Keep all hair out of your dog's eyes since scratches to the cornea (the clear membrane across the surface of the eye) can result from contact with hair. Trim the hair using only blunt-nosed scissors, cutting parallel to the edge of the eyelid. This is especially important where the skin folds near the eyes in breeds like Pekingese, Lhasa Apso, and Maltese.

Keep eyes clear of mucus at all times. Infections are often caused by bacteria that overgrow on mucus. Use a sterile eyewash and/or eye wipes to keep eye area clean.

Apply a protective ophthalmic ointment under the top lid to protect the eyes before bathing, facial cleanings, and insecticide treatment. Even 'tearless' shampoos can irritate if too much gets in the eyes or if it is not rinsed out soon enough.

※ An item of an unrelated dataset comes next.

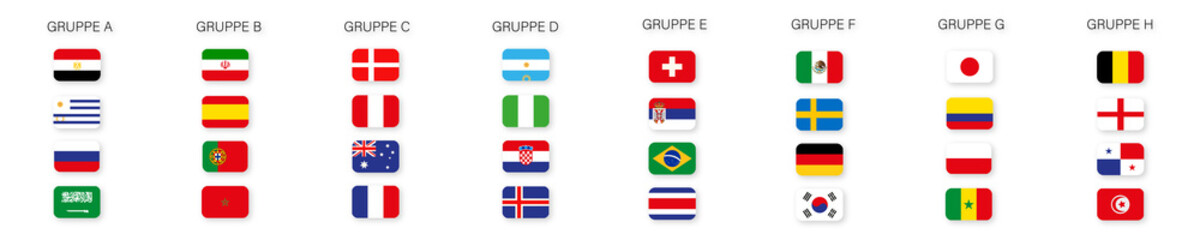 Gruppenübersicht Panorama © Daniel Berkmann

'Tear staining' is a common problem with particular breeds of dogs (e.g., Poodles and Cocker Spaniels), and can get unsightly if not taken care of. Tears are bactericidal, which means they kill the bacteria that can cause infections of the eye. Normally, tears flow across the surface of the eye and quickly drain through the tear duct. This discoloration at the corners of the eyes is caused by normal tears that spill out and lay on the surrounding hair. For breeds that tend to have tear or saliva stains, you could clean hair in affected areas at least weekly with a tear stain remover product.[/quote]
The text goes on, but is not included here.